For catching slow queries, we can use logging to logstash when the runtime passes a certain threshold (to avoid spamming the service). A leaderboard could be added to Kibana for the top occurrences of normalized messages.
For catching spammy fast queries that take up a large percentage of query time, we could use heavily sampled logging to logstash. A leaderboard could be added to Kibana using the count x runtime of normalized messages (e.g. listing those messages with the highest such values).
I think doing so can let us avoid having an ephemeral leaderboard kept in memory somewhere (e.g. redis or some C daemon).
Sorry to just blurt my ideas with less context, but I <3 performance and wanted to share some stuff. Usually a series of web interfaces are useful for such a task each designed for a drill-down analysis. First the service level investigation dashboard: for queries, considering we have decent instrumentation in services, structured logs and hence metrics be be derived in elasticsearch and then queried as @aaron suggests. We can have a series of nice visualizations in kibana or Grafana (preferably) to help us out there. This would give some service level visibility. We should also have some metrics related to instances attached to the logs.
This will take us to the next series of 'web-interfaces' for a instance level analysis. We could start by something which Netflix uses (Atlas) for a higher view and for each selected instance (on which performance regressions are visible) we can isolate them and fetch much more detailed views (see Netflix Vector). For instance level analysis, the data sources could be profiled samples or trace snapshots (such as those gathered from proc/eBPF or even LTTng)

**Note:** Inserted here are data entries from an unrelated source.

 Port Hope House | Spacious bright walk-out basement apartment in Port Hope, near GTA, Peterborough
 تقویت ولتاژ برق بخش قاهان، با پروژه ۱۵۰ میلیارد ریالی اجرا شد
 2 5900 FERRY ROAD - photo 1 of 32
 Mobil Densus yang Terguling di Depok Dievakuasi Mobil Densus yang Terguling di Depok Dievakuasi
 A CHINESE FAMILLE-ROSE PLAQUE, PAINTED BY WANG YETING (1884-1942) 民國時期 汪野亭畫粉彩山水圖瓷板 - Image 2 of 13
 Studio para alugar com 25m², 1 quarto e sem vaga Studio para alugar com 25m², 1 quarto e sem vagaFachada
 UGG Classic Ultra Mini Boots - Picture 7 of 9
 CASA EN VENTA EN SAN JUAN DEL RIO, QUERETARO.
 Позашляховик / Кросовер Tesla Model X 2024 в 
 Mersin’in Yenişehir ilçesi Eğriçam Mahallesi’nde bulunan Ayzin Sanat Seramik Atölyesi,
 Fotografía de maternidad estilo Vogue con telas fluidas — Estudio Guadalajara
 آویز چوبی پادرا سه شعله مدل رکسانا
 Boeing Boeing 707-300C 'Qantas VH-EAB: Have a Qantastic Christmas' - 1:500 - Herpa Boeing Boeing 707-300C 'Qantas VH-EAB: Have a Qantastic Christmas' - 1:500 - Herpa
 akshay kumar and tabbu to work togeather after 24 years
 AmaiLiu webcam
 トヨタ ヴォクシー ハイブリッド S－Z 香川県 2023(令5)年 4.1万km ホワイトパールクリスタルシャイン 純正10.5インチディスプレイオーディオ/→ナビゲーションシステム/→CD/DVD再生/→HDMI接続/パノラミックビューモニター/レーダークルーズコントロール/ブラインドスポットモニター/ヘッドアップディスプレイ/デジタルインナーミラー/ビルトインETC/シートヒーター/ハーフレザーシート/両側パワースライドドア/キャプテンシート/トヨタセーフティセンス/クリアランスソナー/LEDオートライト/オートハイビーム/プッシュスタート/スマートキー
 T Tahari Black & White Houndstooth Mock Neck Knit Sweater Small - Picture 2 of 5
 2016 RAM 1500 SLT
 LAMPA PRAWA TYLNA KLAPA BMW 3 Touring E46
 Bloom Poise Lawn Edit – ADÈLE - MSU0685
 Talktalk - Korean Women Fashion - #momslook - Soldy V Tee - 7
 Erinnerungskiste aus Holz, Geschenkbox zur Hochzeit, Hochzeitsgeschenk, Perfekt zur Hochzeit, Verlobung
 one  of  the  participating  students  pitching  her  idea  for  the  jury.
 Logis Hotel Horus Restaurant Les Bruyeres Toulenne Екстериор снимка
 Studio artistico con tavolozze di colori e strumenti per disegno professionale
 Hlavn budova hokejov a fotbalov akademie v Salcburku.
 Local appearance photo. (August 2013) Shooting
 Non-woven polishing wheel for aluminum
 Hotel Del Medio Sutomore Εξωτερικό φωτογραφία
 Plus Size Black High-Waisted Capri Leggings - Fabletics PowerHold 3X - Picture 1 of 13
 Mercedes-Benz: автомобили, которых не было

So the workflow of observation can be identification of slow queries (such as those on one of mediawiki services). Ideally grafana should alert us of such anomalies when a predetermined threshold is reached. It would also identify instances which are affected. This would take us to an instance selection web interface where we can select instance and spawn up a dashboard which contains the views such as individual on-CPU flamegraphs. disk latency etc. sourced from the instance. Suppose, N number of instances on one region showed abnormal block I/O latency, thus affecting a query that involved disk access, thus slowing down Y% of total queries on the infra.
Of course, I am just suggesting. I may be wrong as well. Feel free to assign me some tasks for investigating possibilities/building tools etc. I would be willing to develop some tools related to this effort :)